*** Opening of Provided data ***

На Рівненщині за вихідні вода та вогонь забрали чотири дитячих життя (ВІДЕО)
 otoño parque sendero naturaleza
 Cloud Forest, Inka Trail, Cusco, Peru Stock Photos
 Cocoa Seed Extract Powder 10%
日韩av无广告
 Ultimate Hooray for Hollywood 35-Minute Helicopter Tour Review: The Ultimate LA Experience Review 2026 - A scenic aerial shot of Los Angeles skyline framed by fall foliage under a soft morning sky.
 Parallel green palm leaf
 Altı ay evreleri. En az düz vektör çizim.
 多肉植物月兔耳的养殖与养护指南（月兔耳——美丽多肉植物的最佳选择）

*** Close of Provided data ***

#### Assigned task:
Nothing but the lines from the one containing "Parallel green palm leaf" through the final line of the data above is to be reproduced, each exactly as written.

#### Response area:
 Parallel green palm leaf
 Altı ay evreleri. En az düz vektör çizim.
 多肉植物月兔耳的养殖与养护指南（月兔耳——美丽多肉植物的最佳选择）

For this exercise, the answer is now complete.